*** DATASET EXCERPTS Section Begins ***

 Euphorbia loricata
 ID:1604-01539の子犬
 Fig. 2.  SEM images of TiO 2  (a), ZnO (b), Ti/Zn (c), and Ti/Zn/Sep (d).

*** DATASET EXCERPTS Section Ends ***
*** DATASET EXCERPTS Section Begins ***

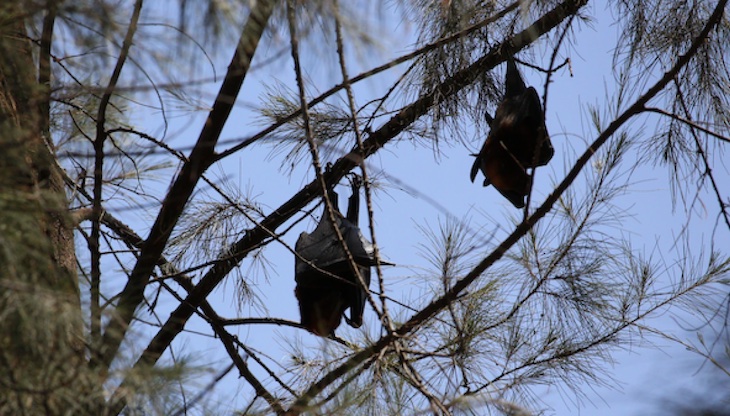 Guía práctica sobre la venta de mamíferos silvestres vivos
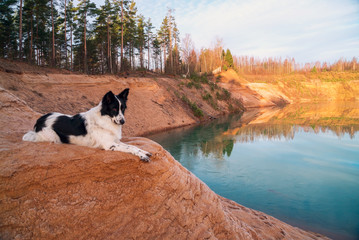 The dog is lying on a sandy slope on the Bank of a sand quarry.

*** DATASET EXCERPTS Section Ends ***
*** DATASET EXCERPTS Section Begins ***

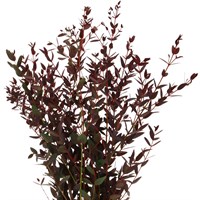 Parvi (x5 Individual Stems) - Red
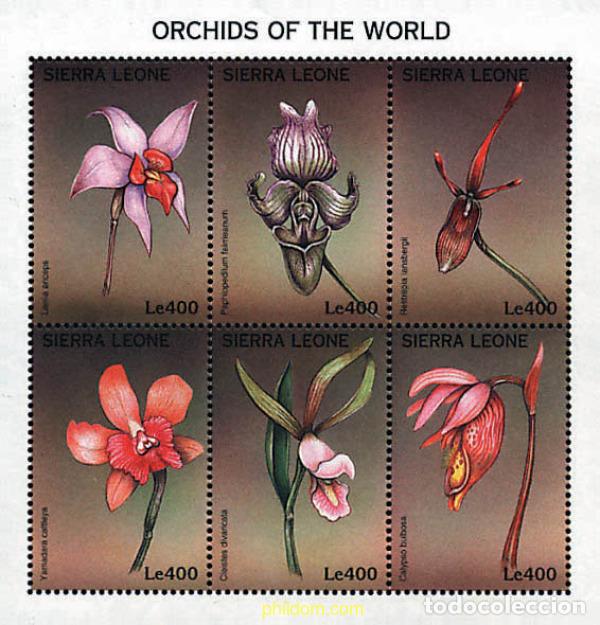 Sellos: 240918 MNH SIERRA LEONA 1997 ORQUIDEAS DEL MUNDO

*** DATASET EXCERPTS Section Ends ***

(WORK REQUEST):
The output is the stretch above from the line with "Parvi (x5 Individual Stems) - Red" through the line with "Sellos: 240918 MNH", copied word for word with both ends kept and every picture dropped.

(PROBLEM SOLUTION):
 Parvi (x5 Individual Stems) - Red
 Sellos: 240918 MNH SIERRA LEONA 1997 ORQUIDEAS DEL MUNDO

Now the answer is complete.